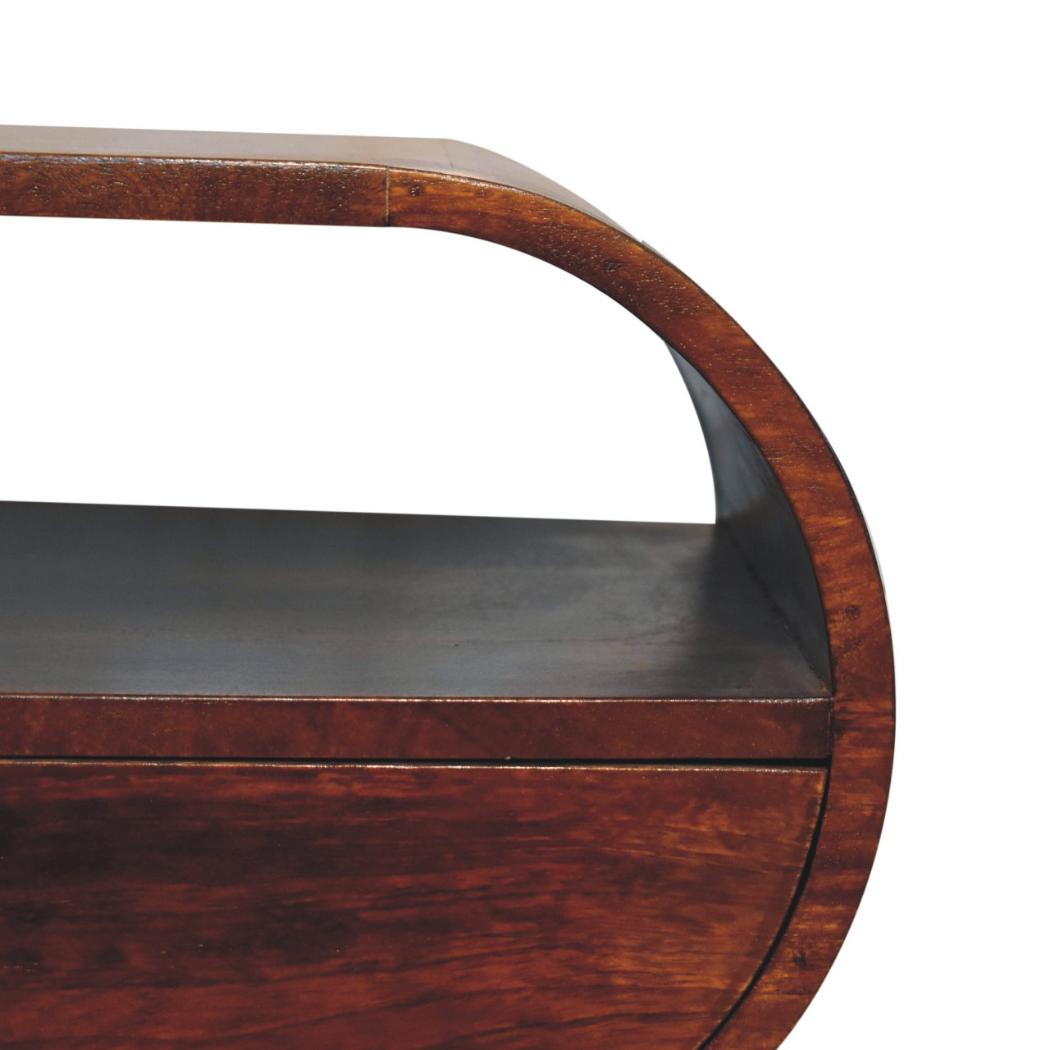 Large Circular Open Bedside Table | Chestnut Finish | Open Storage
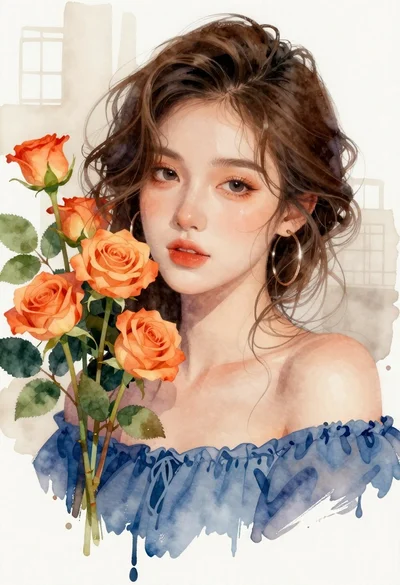 Portrait of woman with roses against beige architecture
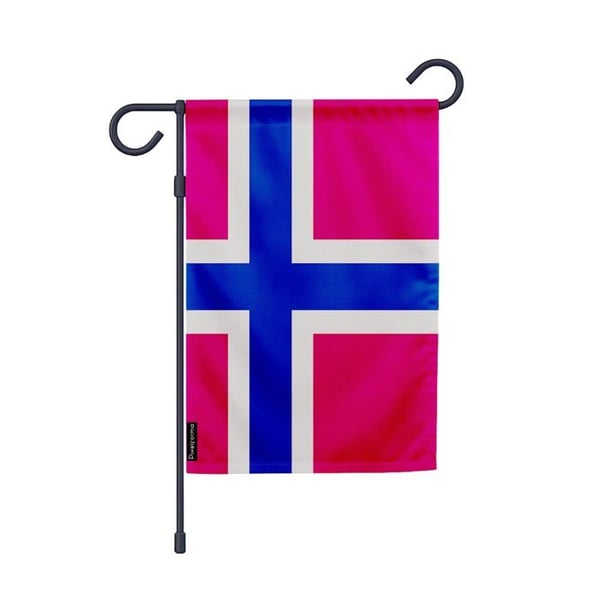 Flagga - Svalbard och Jan Mayen - 32 x 47.5 cm - Polyester - Tryck på båda sidor - Flerfärgad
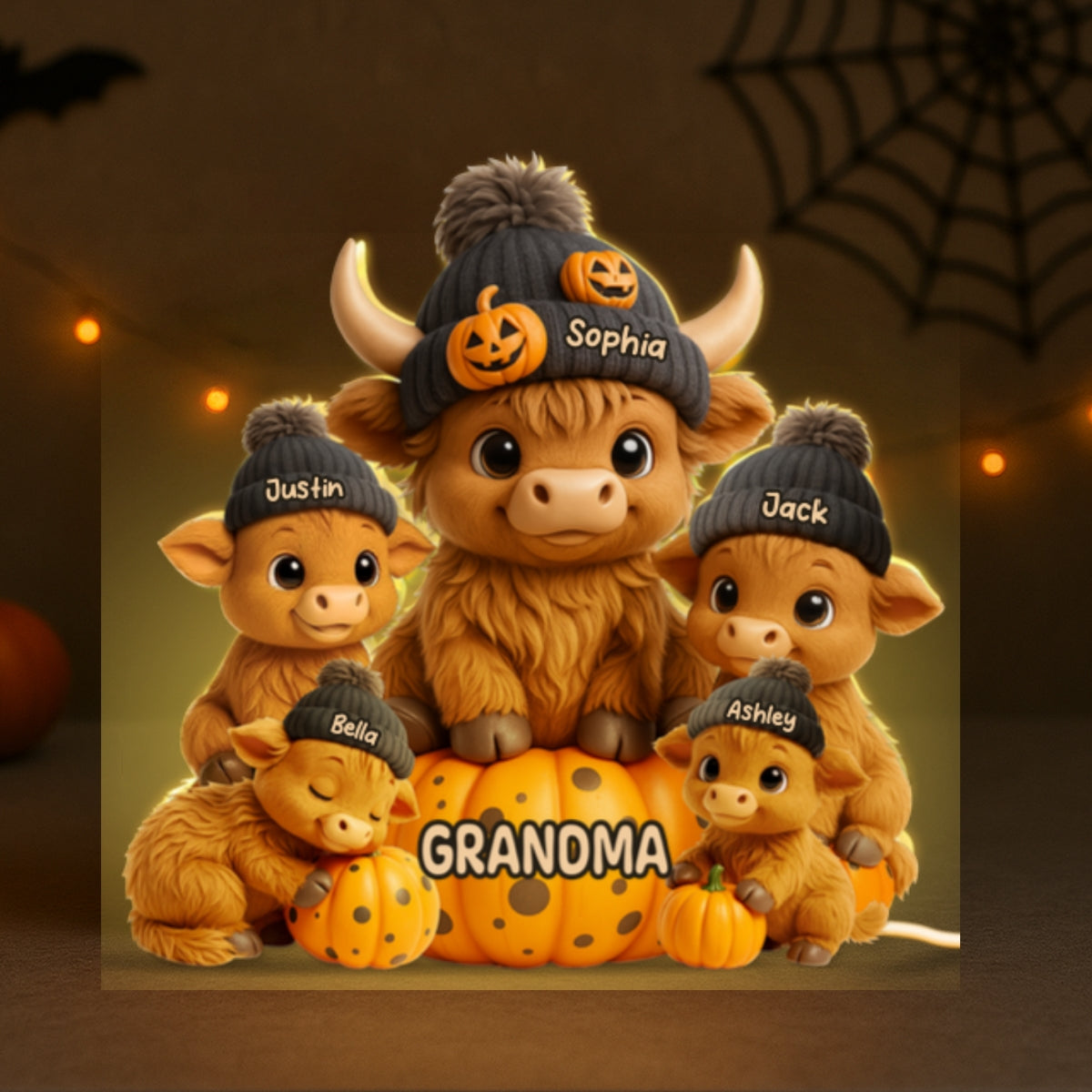 Mama Cow Personalized Light Box, Cozy Fall Vibe Halloween Decor for Mom, Grandma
++++++
▸ **What the exercise asks**
What you return should be all of the material above, exactly, and none of its pictures.

▸ **Your solution**
 Large Circular Open Bedside Table | Chestnut Finish | Open Storage
 Portrait of woman with roses against beige architecture
 Flagga - Svalbard och Jan Mayen - 32 x 47.5 cm - Polyester - Tryck på båda sidor - Flerfärgad
 Mama Cow Personalized Light Box, Cozy Fall Vibe Halloween Decor for Mom, Grandma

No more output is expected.